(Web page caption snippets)
::::::::

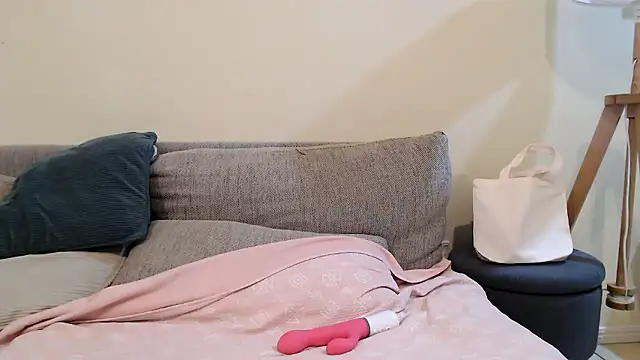 Snapshot of aussiepeaches chatting on January 2026 01:43:01 AM aussiepeaches online show from January 2026 01:43:01 AM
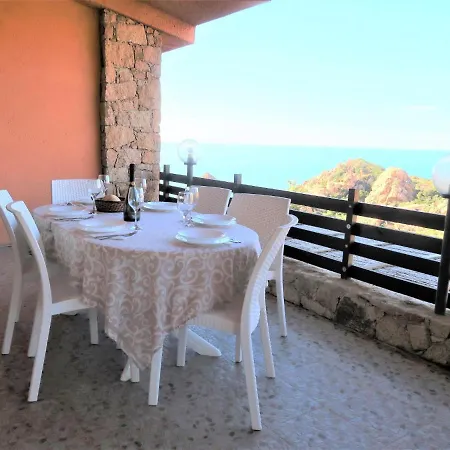 Gatti By Interhome *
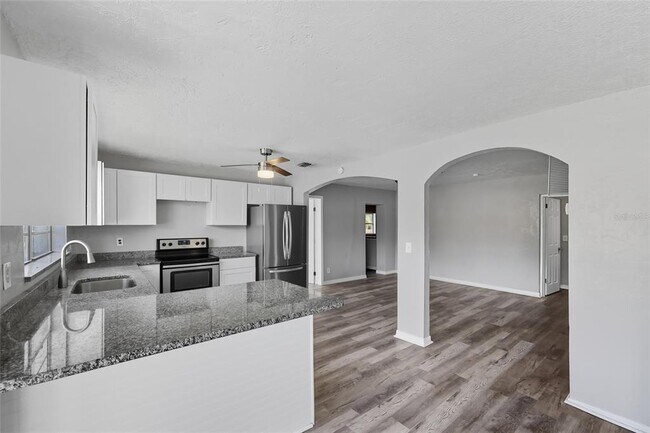 Photo - 1124 Douglas Ave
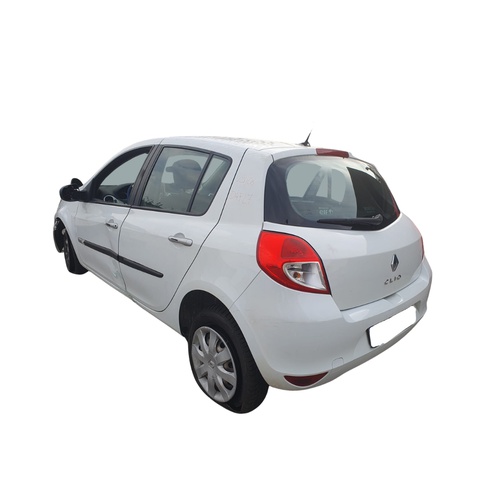 Ricambi usati Renault Clio 1.2 B del 2003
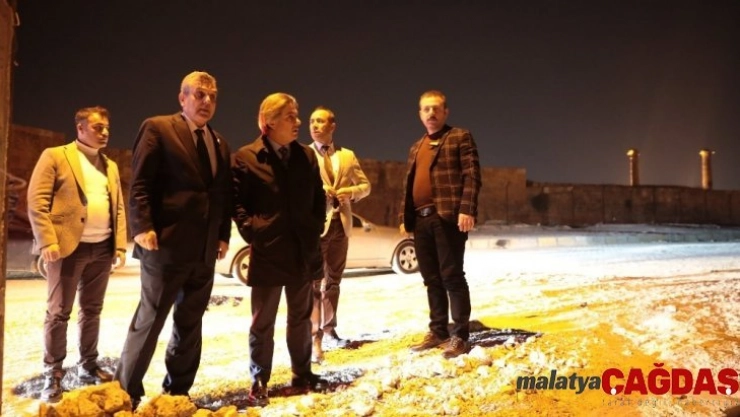 Bakan Yardımcısı Demircan, tarihi alanlardaki çalışmaları inceledi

::::::::

#### The task:
Would you print, exactly as they appear, the lines from the line with "Photo - 1124 Douglas Ave" through the end of the entries above, leaving out the pictures?

#### Written reply:
 Photo - 1124 Douglas Ave
 Ricambi usati Renault Clio 1.2 B del 2003
 Bakan Yardımcısı Demircan, tarihi alanlardaki çalışmaları inceledi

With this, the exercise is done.